It is currently 29 Mar 2024, 01:17
Mike G wrote::lol: I don't see it as a tool so much as a marking aid.
Doug wrote:Your angle pieces would be better round like the chap’s in the video, but then I guess you’d need a spar gauge to mark the timber to plane those pieces round
Or get a lathe
NickM wrote:That’s very clever. It’s obvious when he goes through the maths, but someone was very clever to come up with it. Have they been around for hundreds of years?
Andyp wrote:......Presumably if you want a tapered spar then the square stock needs to be tapered first?
Mike G wrote:Andyp wrote:......Presumably if you want a tapered spar then the square stock needs to be tapered first?
Yes, that's right. Just to complicate matters, they're often curve-tapered, if you like, rather than being a conic section. Entasis is the architectural term.

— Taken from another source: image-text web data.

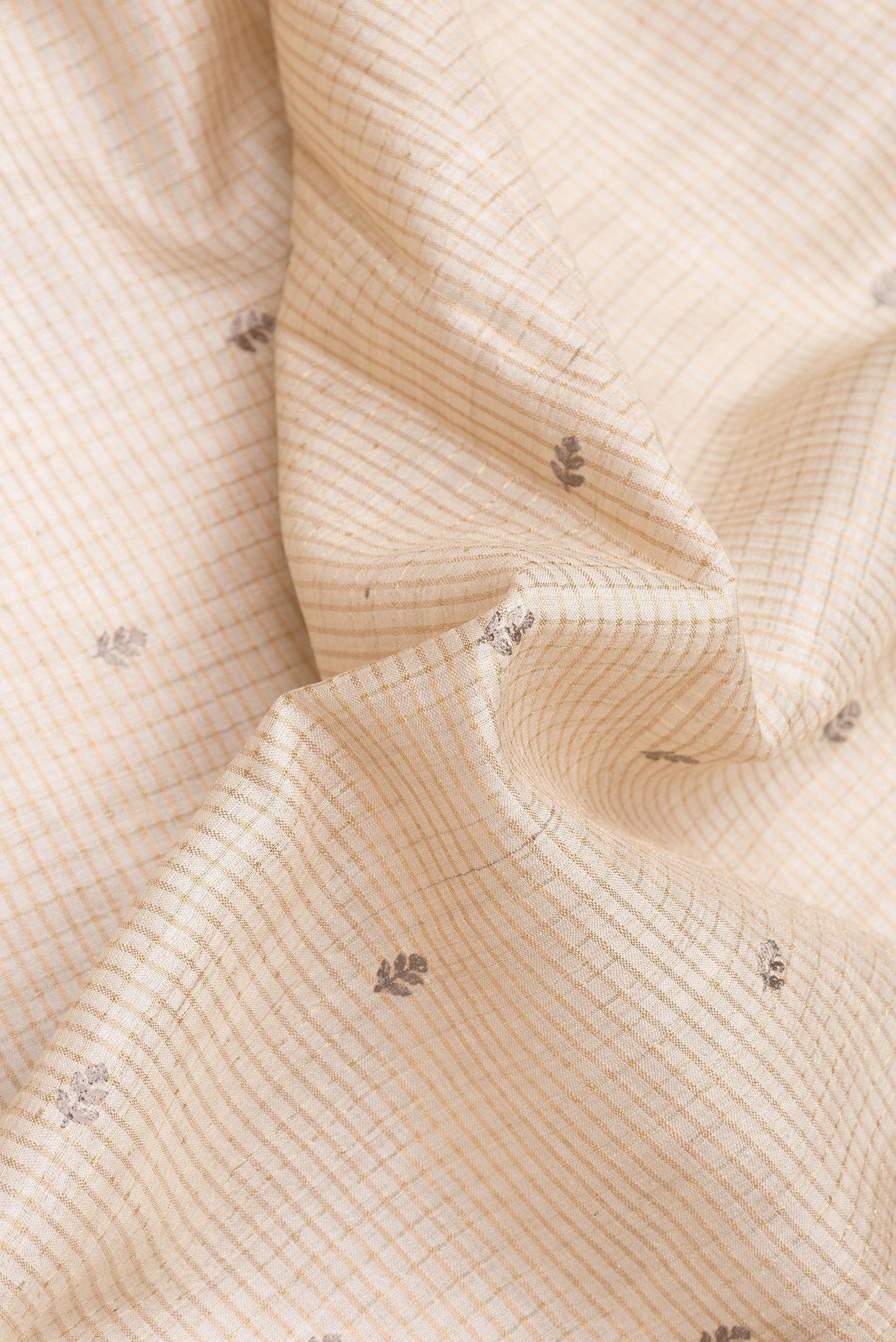 Close up of Beige Dual Tone Tussar Silk Saree with Checked design on the body and Embroidery Border.  displaying folds
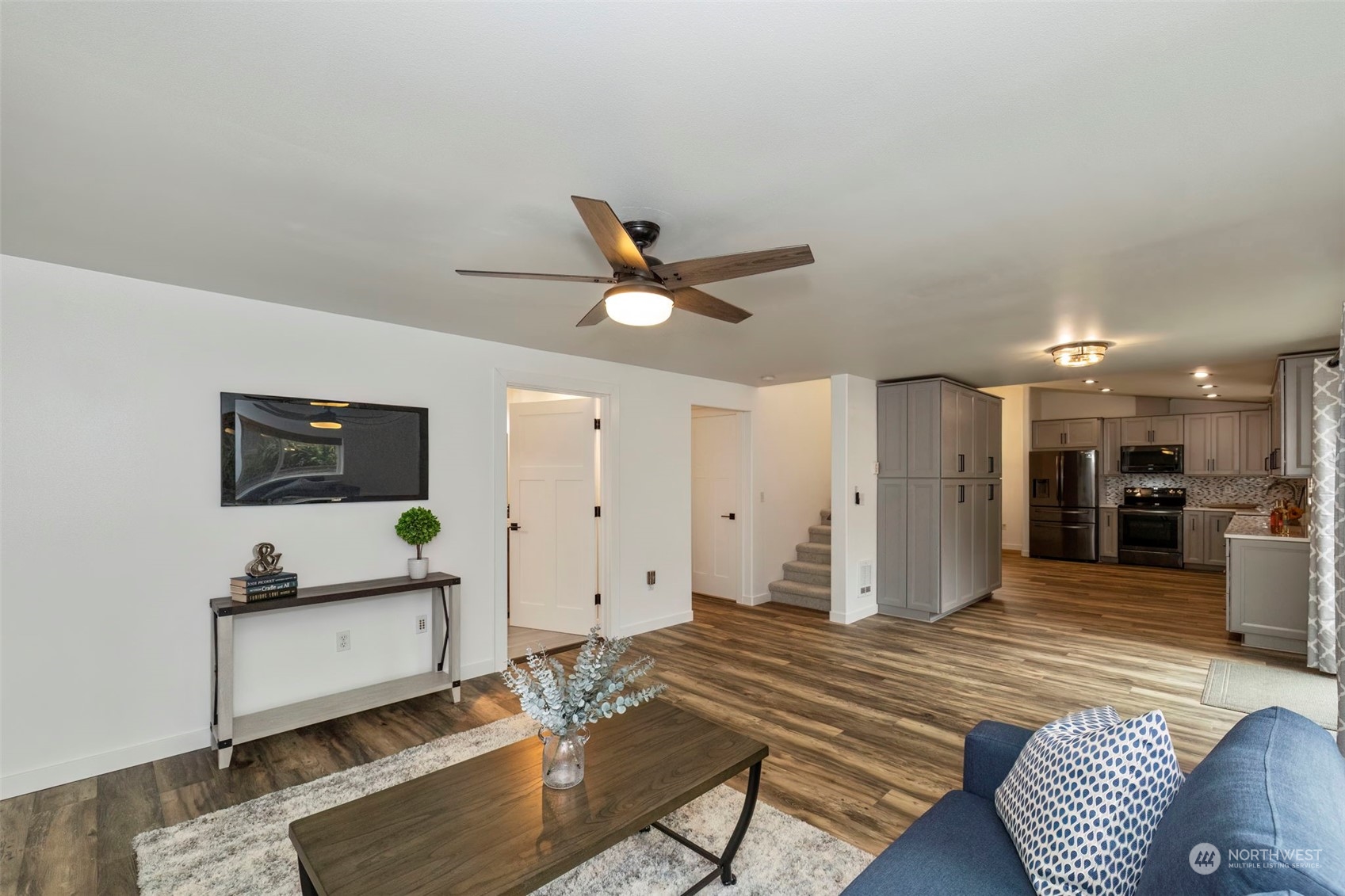 27474 Gamble Bay Road Northeast Kingston, WA 98346 - Photo 18 of 40 a living room with furniture and a ceiling fan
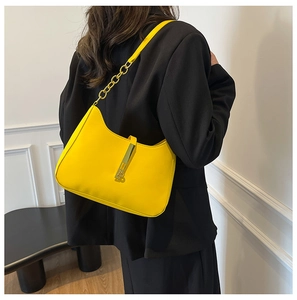 Detailed side view of yellow half-moon underarm bag with gold chain on black blazer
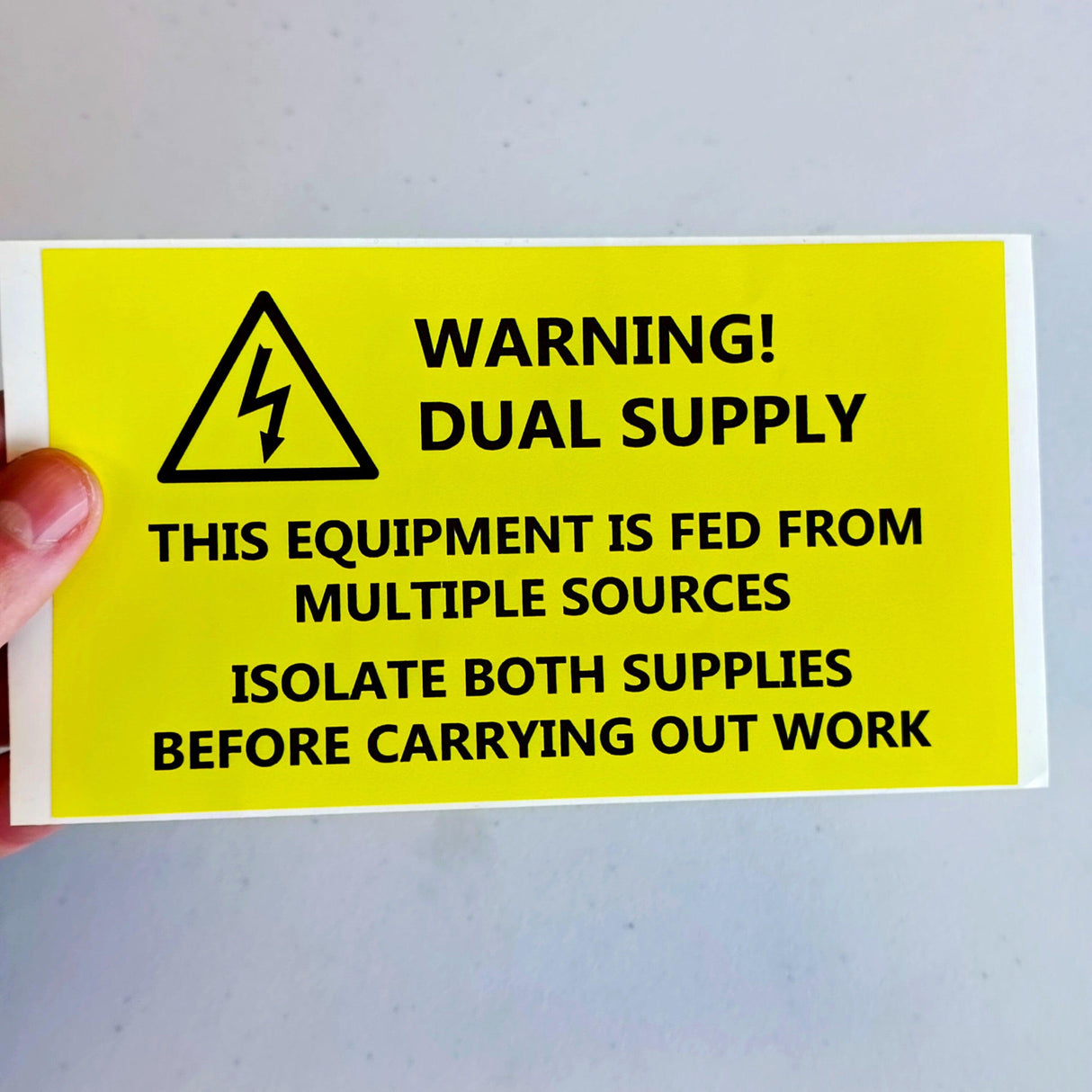 Bright yellow Dual Supply Warning Label sticker displaying safety precautions for electricians.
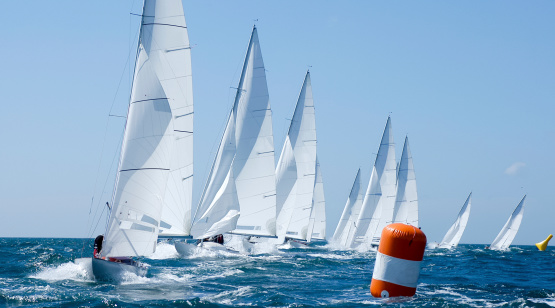 group of dragon yacht in regatta near a  buoy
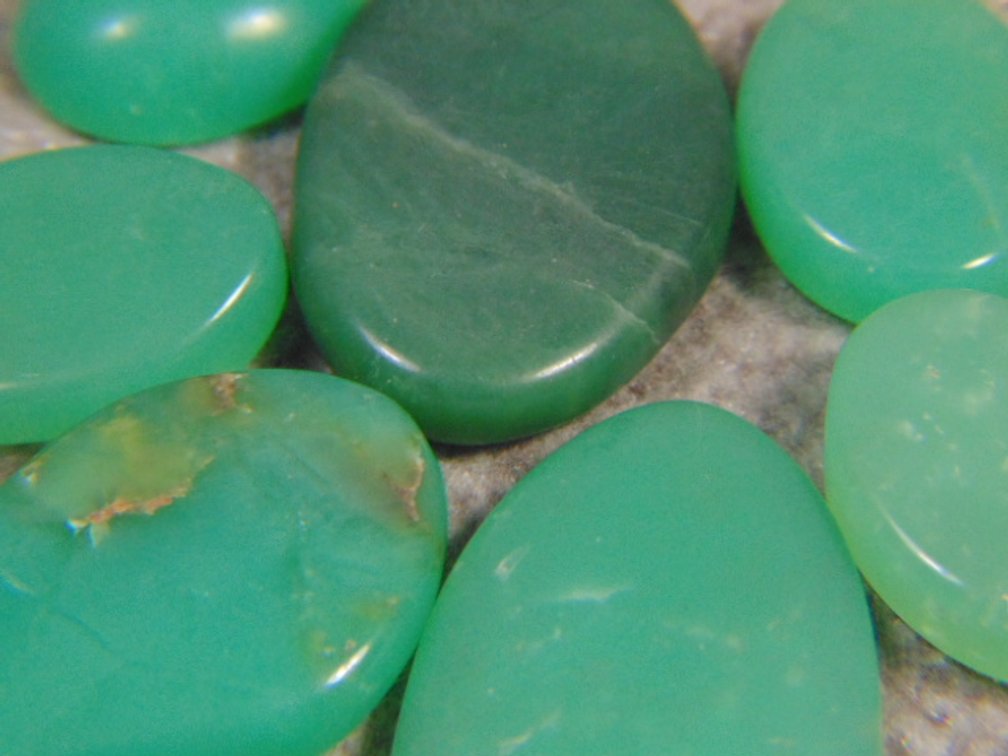 Six Chrysocolla cabs plus an unknown cab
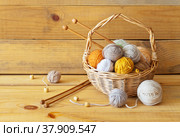 Clews of warm soft wool and mohair yarn lie in a wicker basket with wooden knitting needles. Rustic still life on a wooden background. The concept of needlework, hobbies and knitting. Closeup, copy space. Стоковое фото, фотограф Виктория Катьянова / Фотобанк Лори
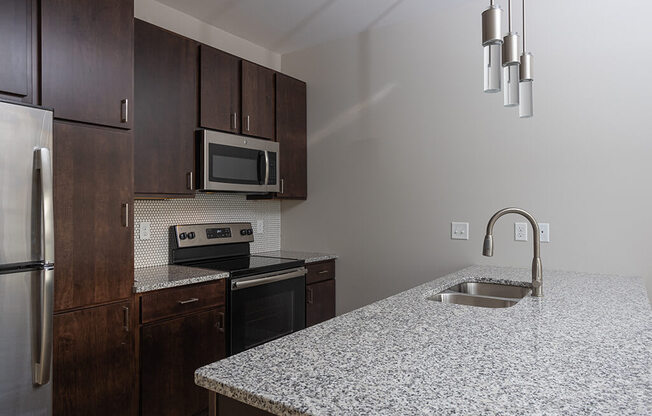 a kitchen with granite countertops and dark wood cabinets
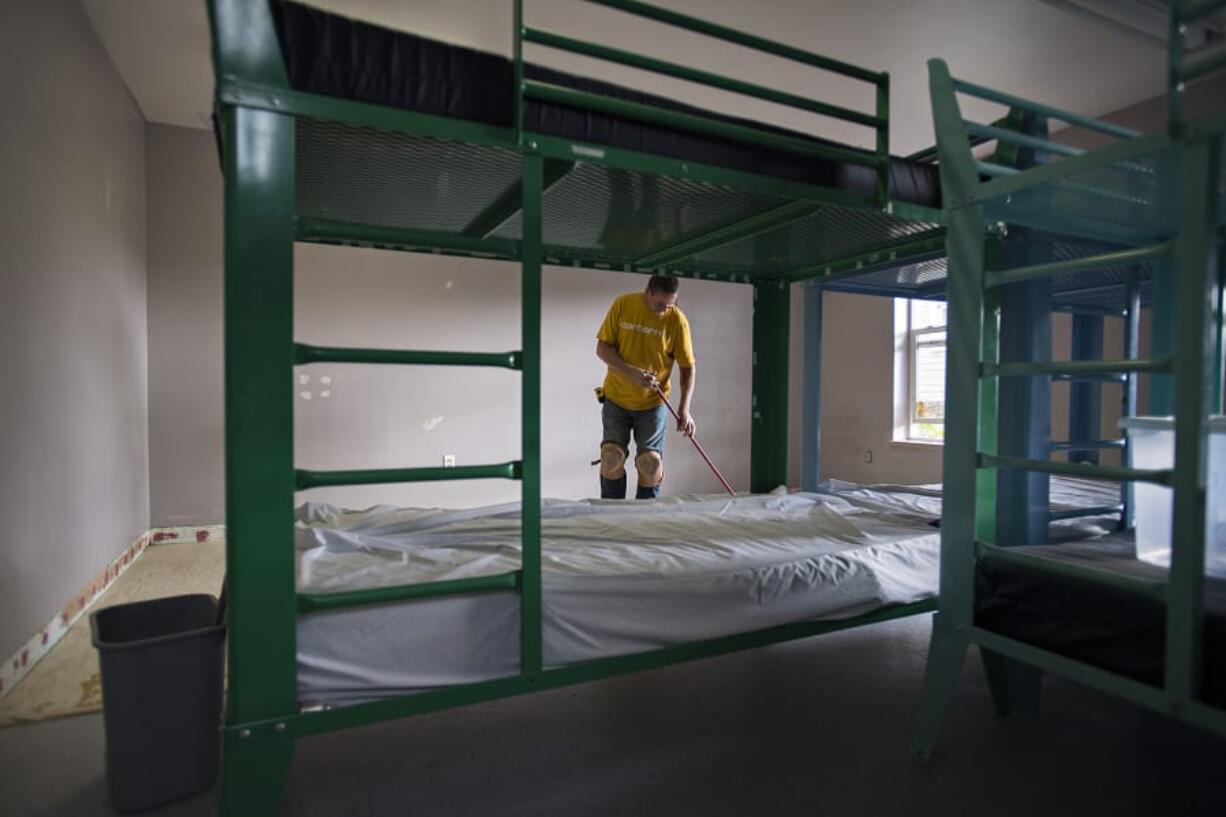 Bryan Swett of Nowland Floor Covering Inc. cleans a bedroom at Share House, the men&#039;s shelter in downtown Vancouver that&#039;s being renovated after water damage from a fire shuttered the shelter.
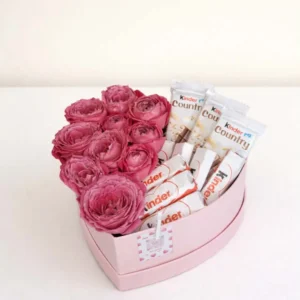 Luxury pink heart gift box arranged with fresh peony-shaped spray roses and genuine Kinder chocolate bars by BooqArt flower shop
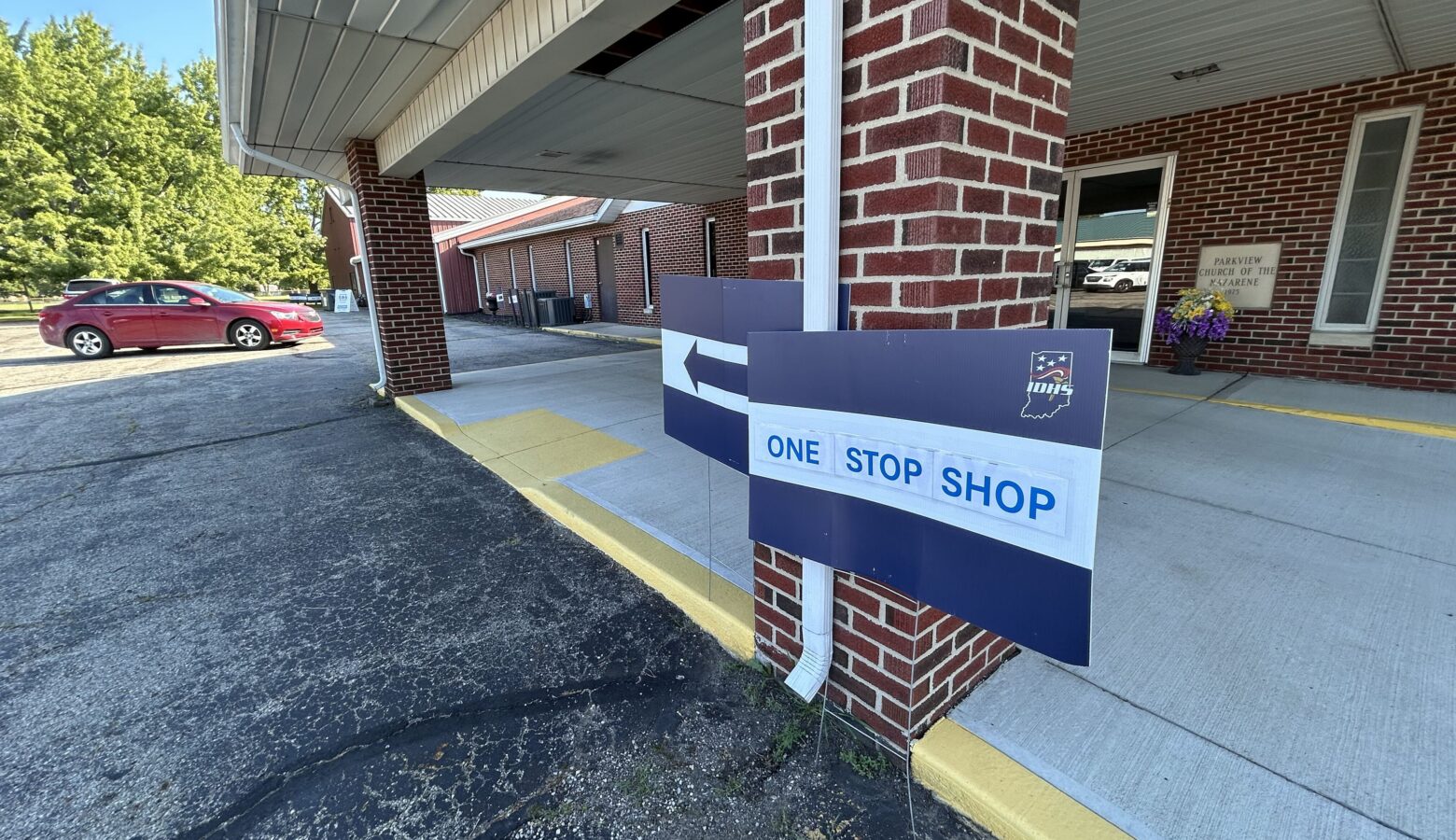 The outside of a brick building. A yard sign is propped up against a brick support. The words "one stop shop" are on it, and it has an arrow pointing left.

jimmy s wrote:The traditional shetland model boats were what I presume you would call clinker built Mike. They use a copper clink - like a nail that gets driven through the boards and is clinked in situ?. The smaller boats (fourareens - or 4 oared boats) are used for sailing in regattas up there still - they are based on old Viking boats I think. Traditionally they were built from larch or oregon pine but a lot of the new built ones are (or certainaly were when I still lived in Shetland) made of fairly thin marine ply boards, clinked up and were often coated in west systems epoxy from memory.
Always wanted to build a boat, but my Wife is not keen on the sea at all.